The FTP server is used to exchange data between the application and external services. The reason for FTP is that the main external service we deal with only has that capability. We hope that external service can eventually switch to using JMS which can then be bridged to Service Bus, but for now this is all we have.
For the purposes of resilience and quick recovery after a failure, all files including the FTP folders and the executables for the agent are kept on a separate data disk and all of the configuration needed to get from brand new VM to all systems go is scripted with Powershell.
If the server ever dies, it’s just a case of firing up a new VM, adding the data disk, and running the Powershell script. I also intend to image the OS to give me the reimage option as well. The Powershell script is nothing special, but I intend to publish it for the sake of completeness.

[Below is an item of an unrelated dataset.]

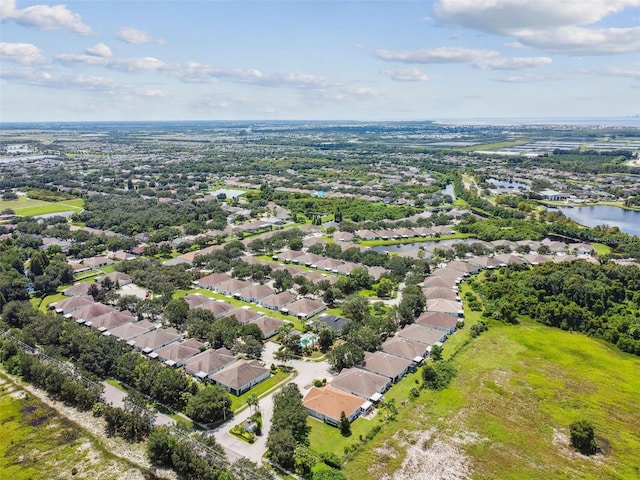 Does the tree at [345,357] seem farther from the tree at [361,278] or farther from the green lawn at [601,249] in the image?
the green lawn at [601,249]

You’ll notice from the diagram that the rest service is being directly accessed from, bypassing the load balancer. You will also notice that only the EU instance is being used, the US instances are sitting there doing nothing.
There is a good reason for this.
The REST service can theoretically be accessed by any external system that is capable (as long as we grant it permission of course). Some of the imports carried out by the REST service are fairly destructive. If traffic was going through the load balancer, there is the possibility that the REST service in the US could be carrying out an import at the same time as the REST service in the EU, having some very scary consequences.
Now, in an ideal world, the REST service and the underlying data model would’ve been built to deal with this possibility. But it wasn’t, so we have to deal with that. Eventually, I intend for the REST service to simply be a receiver of files, which then puts the received data in to a queue to be picked up by a worker process, or worker processes, which WILL be designed to deal with multiple instances working at the same time without screwing everything up.
Having the entirety traffic go straight to the EU instance means that only one REST service will be taking request at any one time. It also means the US ones are doing nothing, but they use little to no resources if they are not being sent any work to do so I don’t think this is a major problem.
The only way around this would be to have a separate service definition set up for the US and other regions, which it seems to me is unnecessary duplication and extra work.
An alternative set up that I am considering is to have a second traffic manager configured for failover which is there just for the REST service. This would allow failover to the US instances if the EU ones ever became unavailable.